Let's break down the steps to solve the problem efficiently:

  1. Count Elements: For both target and arr, count how many times each value appears. This can be done using a hash map (dictionary) where the key is the number and the value is its count.
  2. Compare Counts: Compare the two hash maps. If every value has the same count in both arrays, then arr can be rearranged (using reversals) to match target.
  3. Return the Result: Return true if the counts match, otherwise false.

Why use a hash map? Looking up and updating counts is fast (O(1) on average), making this approach efficient even for large arrays.

Alternative: You could also sort both arrays and compare them, as sorting brings equal elements together, but counting is often faster and doesn't require rearranging the input.

Example Walkthrough

Let's consider this example:

  • target = [1,2,3,4]
  • arr = [2,4,1,3]

Step 1: Count the elements in both arrays:

  • target: 1→1, 2→1, 3→1, 4→1
  • arr: 2→1, 4→1, 1→1, 3→1

Step 2: Compare the counts:

  • Both arrays have exactly one of each value: 1, 2, 3, 4.

Step 3: Since the counts match, it is possible to rearrange arr into target using subarray reversals. The answer is true.

Time and Space Complexity

  • Brute-force Approach: Trying all possible sequences of subarray reversals would be factorial time (O(n!)), which is impractical for even modest input sizes.
  • Optimized Approach: Counting elements in both arrays is O(n), where n is the length of the arrays. Comparing two hash maps is also O(n) in the worst case.
  • Space Complexity: We use O(n) extra space for the hash maps (at most one entry per unique element).

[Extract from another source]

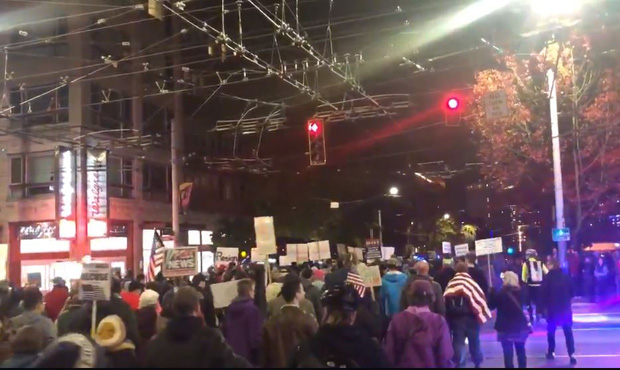 Sessions protest in downtown Seattle...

Thus, the optimized approach is both fast and memory-efficient.

Summary

The key insight in this problem is recognizing that subarray reversals allow for any permutation of the array. This reduces the challenge to checking whether the two arrays contain the same elements with the same frequencies. By using hash maps (or sorting), we can efficiently compare the arrays and determine if one can be transformed into the other. This approach is elegant because it simplifies a seemingly complex problem into a straightforward check.